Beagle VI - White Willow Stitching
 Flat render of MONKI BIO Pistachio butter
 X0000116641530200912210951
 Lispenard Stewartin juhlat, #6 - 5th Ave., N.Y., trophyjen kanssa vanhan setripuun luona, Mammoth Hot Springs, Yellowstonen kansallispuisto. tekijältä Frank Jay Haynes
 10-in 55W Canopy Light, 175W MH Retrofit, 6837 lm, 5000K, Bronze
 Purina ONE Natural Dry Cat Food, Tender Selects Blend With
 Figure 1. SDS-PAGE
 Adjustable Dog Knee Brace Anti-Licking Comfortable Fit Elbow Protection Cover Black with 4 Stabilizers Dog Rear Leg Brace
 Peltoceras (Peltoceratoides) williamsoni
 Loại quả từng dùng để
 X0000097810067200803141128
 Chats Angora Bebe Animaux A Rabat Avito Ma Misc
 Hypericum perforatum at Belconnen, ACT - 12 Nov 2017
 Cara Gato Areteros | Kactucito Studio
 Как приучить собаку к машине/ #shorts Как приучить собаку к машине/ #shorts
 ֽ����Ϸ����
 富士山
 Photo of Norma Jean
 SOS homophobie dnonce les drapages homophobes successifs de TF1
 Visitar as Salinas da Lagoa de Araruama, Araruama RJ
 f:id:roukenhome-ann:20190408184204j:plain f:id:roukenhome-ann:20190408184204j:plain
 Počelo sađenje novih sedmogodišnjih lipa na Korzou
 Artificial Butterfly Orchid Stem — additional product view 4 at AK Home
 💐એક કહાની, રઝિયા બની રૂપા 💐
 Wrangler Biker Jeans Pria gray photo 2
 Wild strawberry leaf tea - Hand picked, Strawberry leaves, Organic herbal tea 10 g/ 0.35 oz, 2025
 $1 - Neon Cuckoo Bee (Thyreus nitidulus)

____

## Problem to solve
Taking the line that contains "10-in 55W Canopy" as the first and the last line of the material as the final one, transcribe that span exactly and include nothing else.

## Task result
 10-in 55W Canopy Light, 175W MH Retrofit, 6837 lm, 5000K, Bronze
 Purina ONE Natural Dry Cat Food, Tender Selects Blend With
 Figure 1. SDS-PAGE
 Adjustable Dog Knee Brace Anti-Licking Comfortable Fit Elbow Protection Cover Black with 4 Stabilizers Dog Rear Leg Brace
 Peltoceras (Peltoceratoides) williamsoni
 Loại quả từng dùng để
 X0000097810067200803141128
 Chats Angora Bebe Animaux A Rabat Avito Ma Misc
 Hypericum perforatum at Belconnen, ACT - 12 Nov 2017
 Cara Gato Areteros | Kactucito Studio
 Как приучить собаку к машине/ #shorts Как приучить собаку к машине/ #shorts
 ֽ����Ϸ����
 富士山
 Photo of Norma Jean
 SOS homophobie dnonce les drapages homophobes successifs de TF1
 Visitar as Salinas da Lagoa de Araruama, Araruama RJ
 f:id:roukenhome-ann:20190408184204j:plain f:id:roukenhome-ann:20190408184204j:plain
 Počelo sađenje novih sedmogodišnjih lipa na Korzou
 Artificial Butterfly Orchid Stem — additional product view 4 at AK Home
 💐એક કહાની, રઝિયા બની રૂપા 💐
 Wrangler Biker Jeans Pria gray photo 2
 Wild strawberry leaf tea - Hand picked, Strawberry leaves, Organic herbal tea 10 g/ 0.35 oz, 2025
 $1 - Neon Cuckoo Bee (Thyreus nitidulus)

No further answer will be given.